Communication system

E-LynX is a product family of digital military radio equipment (software defined radios, SDR) from Telefunken Radio Communication Systems GmbH & Co. KG, the German subsidiary of the Israeli Elbit Group. The system is used by several forces like the Nederlandse krijgsmacht, the Swiss Army, the Indian Forces and other. Up from 2019, the Army of German Bundeswehr equipped its forces with E-LynX PNR 1000 in a portable and vehicle version.

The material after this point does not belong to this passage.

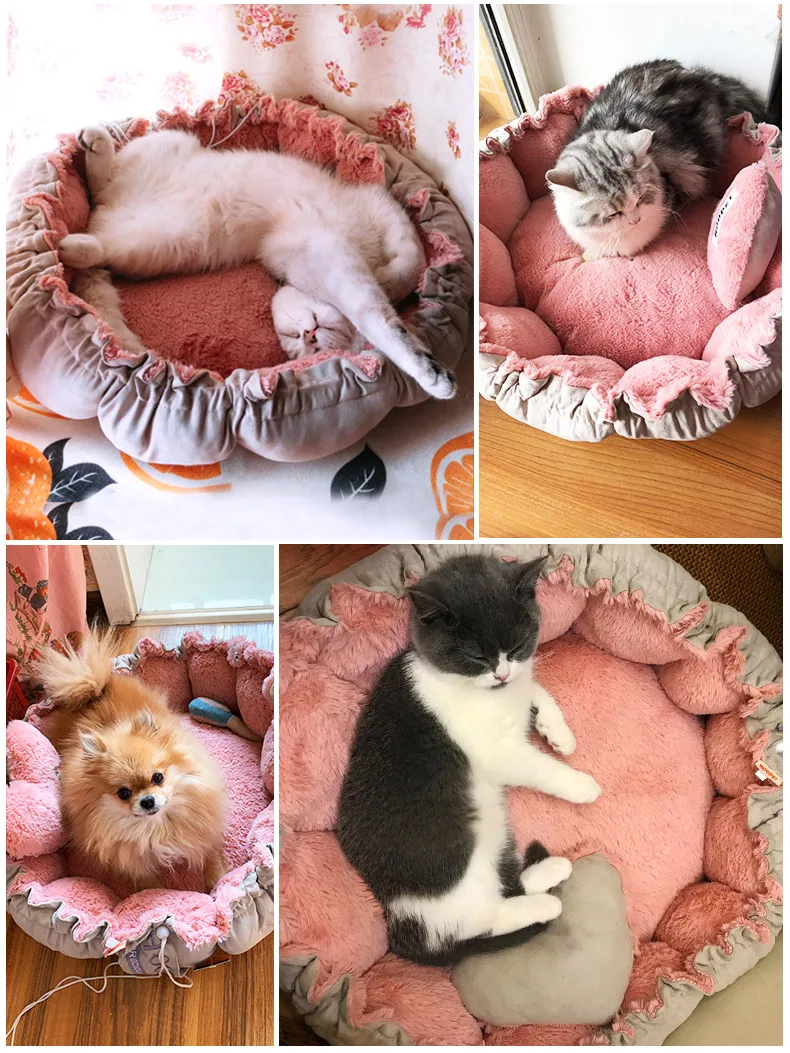 Милая розовая кровать HOOPET Cat теплая для щенков собак коврик кровати на осень/зиму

The radio enables voice and data communication for a variety of application scenarios and units. The devices enable data, voice and video transmission at the same time. The system enables real-time positioning of one's own forces based on the integrated “Blue Force Tracking” capability. A multi-hop process is intended to significantly increase the range and to improve network agility and robustness and also reducing of latency.

== Users ==
Germany: The E-LynX devices are used by the Bundeswehr at troop, group, platoon and company level, as well as on board various combat vehicles such as the SPz PUMA. But the main SDR system will be SOVERON by R&S.

Israel: IDF communication equipment is based since decades on Elbit Technology and also introducing the E-Lynx System.is operating

Switzerland: Switzerland has selected Elbit E-Lynx to replace vehicular tactical radio equipment of the Swiss military up from 2020.